Deportivo Cali Femenino, commonly known as Deportivo Cali, is a professional women's football club based in Cali, Colombia. They are the women's football section of Deportivo Cali and currently play in the Colombian Women's Football League, the top level women's football league in Colombia.

History
Although Deportivo Cali declined to take part in the first Liga Femenina Profesional tournament in 2017 alleging that they lacked the financial resources to field both a men's and a women's team, the requirement issued by both CONMEBOL and DIMAYOR ahead of the 2019 season to field a women's team in order for the men's team to be allowed to compete in international competitions compelled Deportivo Cali to found their professional women's football section, as the men's side qualified for the 2019 Copa Sudamericana on sporting merit.

In June 2018, Deportivo Cali organized their first "Women's Football Festival", aiming to recruit any potential players. In this event, matches and competitions between the club's satellite teams as well as the club's already existent women's football academy were held. The Carlos Sarmiento Lora football school also contributed to the formation of the women's squad. The team's participation in the Colombian Women's Football League was confirmed on 23 May 2019, whilst the women's team was officially presented on 10 July and three days later played its first game in the professional league, defeating Atlético F.C. by a 3–1 score.

Deportivo Cali's maiden participation in the women's league in 2019 ended with the team placing third in its group, behind América de Cali and Cortuluá, which prevented them from advancing to the playoff stage. They made it to the knockout stages of the league for the first time in 2020, finishing as runners-up of their first stage group to América de Cali, but were defeated by Millonarios in the quarter-finals.

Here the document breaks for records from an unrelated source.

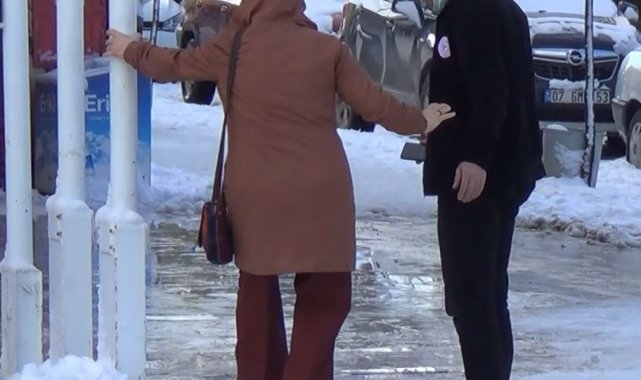 Burdur'da 15 günde 175 kişi karda kayıp hastanelik oldu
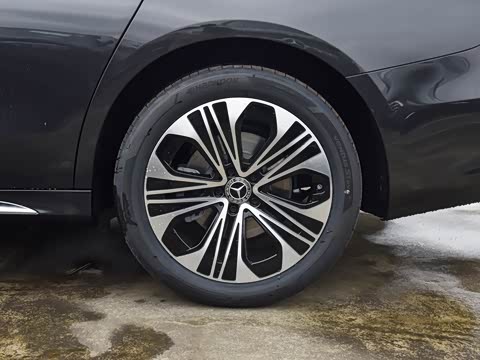 2026�� E 300 L ������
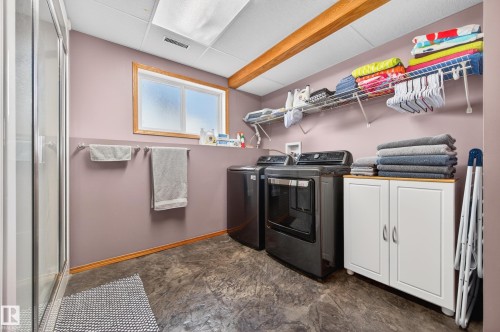 4217 55 Avenue, Lamont, AB - Indoor Photo Showing Laundry Room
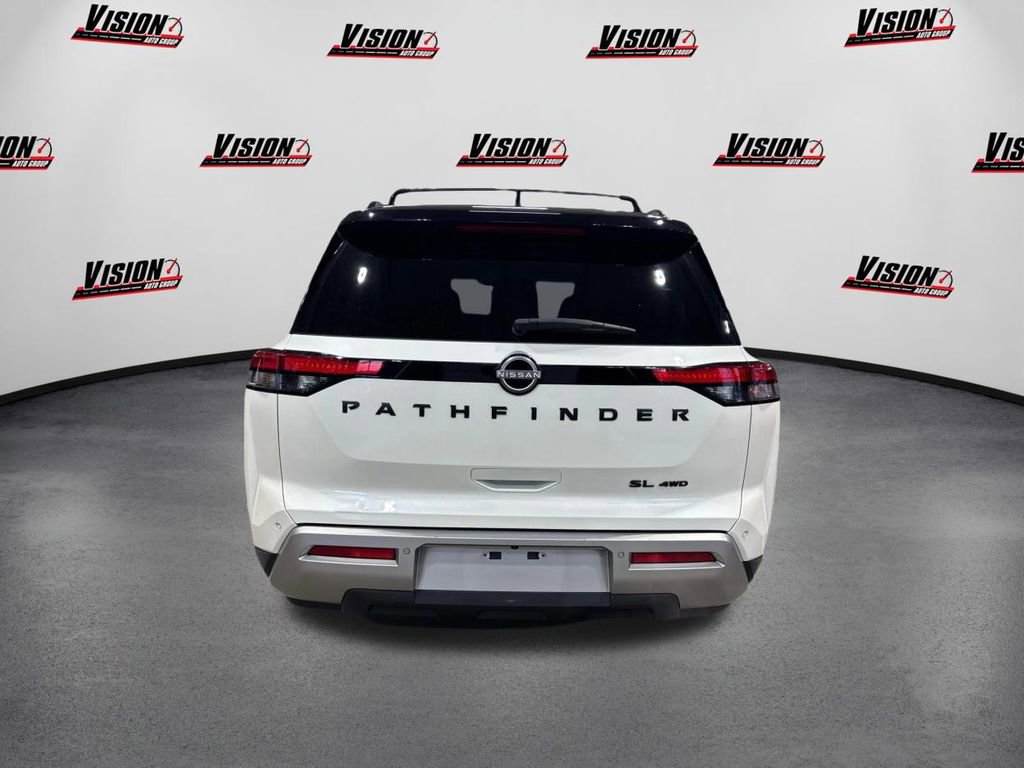 Used 2023 Nissan Pathfinder SL w/ Black Appearance Package image 6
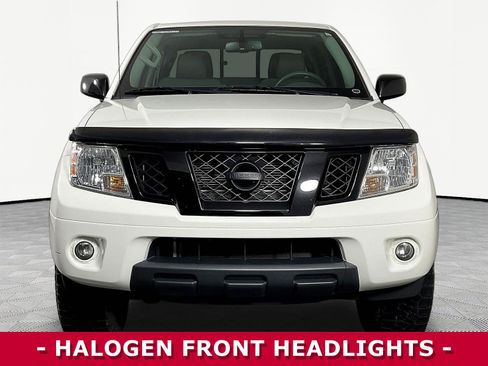 Certified 2021 Nissan Frontier SV w/ Midnight Edition Floor Mats AWD/4WD image 2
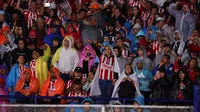 ¡Invasión rojiblanca! Aficionados de chivas invaden CU pese a que Pumas quiso evitar que pasara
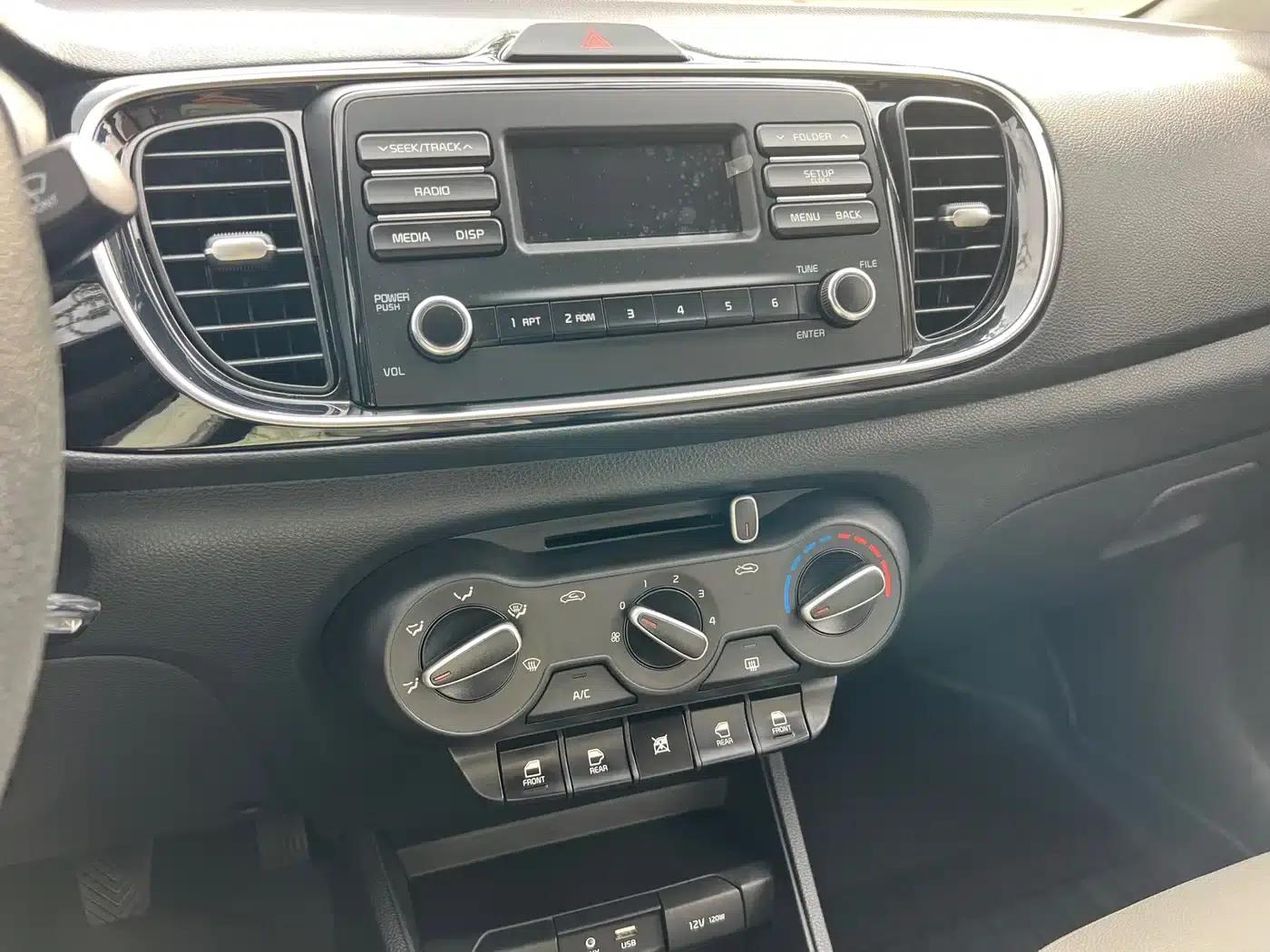 Huanchi 2019 1.4L Manual Smart Edition Value (China VI Emission Standard) — миниатюра 11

In 2021, Deportivo Cali Femenino won their first league championship with an unbeaten campaign. In the group stage, they topped a group with América de Cali, Atlético Nacional, Independiente Medellín, Atlético Bucaramanga, and Real Santander with six wins and four draws for a total of 22 points. After defeating La Equidad in the semi-finals by a 4–1 aggregate score, they faced the defending champions Santa Fe in the final, clinching their first piece of silverware by winning the first leg 4–1 in Bogotá and drawing the return leg 2–2 at the Estadio Deportivo Cali. This title allowed them to take part in the 2021 Copa Libertadores Femenina played in Paraguay, in which they had a perfect group stage with three wins in three games only to be defeated by Uruguayan side Nacional in the quarter-finals.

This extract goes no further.